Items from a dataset
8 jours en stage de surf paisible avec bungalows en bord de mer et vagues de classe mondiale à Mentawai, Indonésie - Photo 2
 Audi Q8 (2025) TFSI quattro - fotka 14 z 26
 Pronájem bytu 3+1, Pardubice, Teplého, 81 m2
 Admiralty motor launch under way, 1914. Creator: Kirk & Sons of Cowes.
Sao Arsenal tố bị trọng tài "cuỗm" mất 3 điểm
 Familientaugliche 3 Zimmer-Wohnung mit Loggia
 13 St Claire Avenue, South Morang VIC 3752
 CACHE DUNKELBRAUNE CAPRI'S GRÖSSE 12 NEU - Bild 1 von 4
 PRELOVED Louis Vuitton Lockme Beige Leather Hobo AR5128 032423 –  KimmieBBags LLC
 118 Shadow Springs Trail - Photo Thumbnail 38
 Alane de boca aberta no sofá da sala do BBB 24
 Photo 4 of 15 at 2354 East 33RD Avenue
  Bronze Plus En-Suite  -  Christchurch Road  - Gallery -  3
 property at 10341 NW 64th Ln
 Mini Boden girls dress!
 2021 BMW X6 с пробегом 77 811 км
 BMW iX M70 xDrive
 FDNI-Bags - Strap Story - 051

■ WORK TO COMPLETE ■
Exactly as given, set down all of the lines above.

■ ANSWER TO THE EXERCISE ■
8 jours en stage de surf paisible avec bungalows en bord de mer et vagues de classe mondiale à Mentawai, Indonésie - Photo 2
 Audi Q8 (2025) TFSI quattro - fotka 14 z 26
 Pronájem bytu 3+1, Pardubice, Teplého, 81 m2
 Admiralty motor launch under way, 1914. Creator: Kirk & Sons of Cowes.
Sao Arsenal tố bị trọng tài "cuỗm" mất 3 điểm
 Familientaugliche 3 Zimmer-Wohnung mit Loggia
 13 St Claire Avenue, South Morang VIC 3752
 CACHE DUNKELBRAUNE CAPRI'S GRÖSSE 12 NEU - Bild 1 von 4
 PRELOVED Louis Vuitton Lockme Beige Leather Hobo AR5128 032423 –  KimmieBBags LLC
 118 Shadow Springs Trail - Photo Thumbnail 38
 Alane de boca aberta no sofá da sala do BBB 24
 Photo 4 of 15 at 2354 East 33RD Avenue
  Bronze Plus En-Suite  -  Christchurch Road  - Gallery -  3
 property at 10341 NW 64th Ln
 Mini Boden girls dress!
 2021 BMW X6 с пробегом 77 811 км
 BMW iX M70 xDrive
 FDNI-Bags - Strap Story - 051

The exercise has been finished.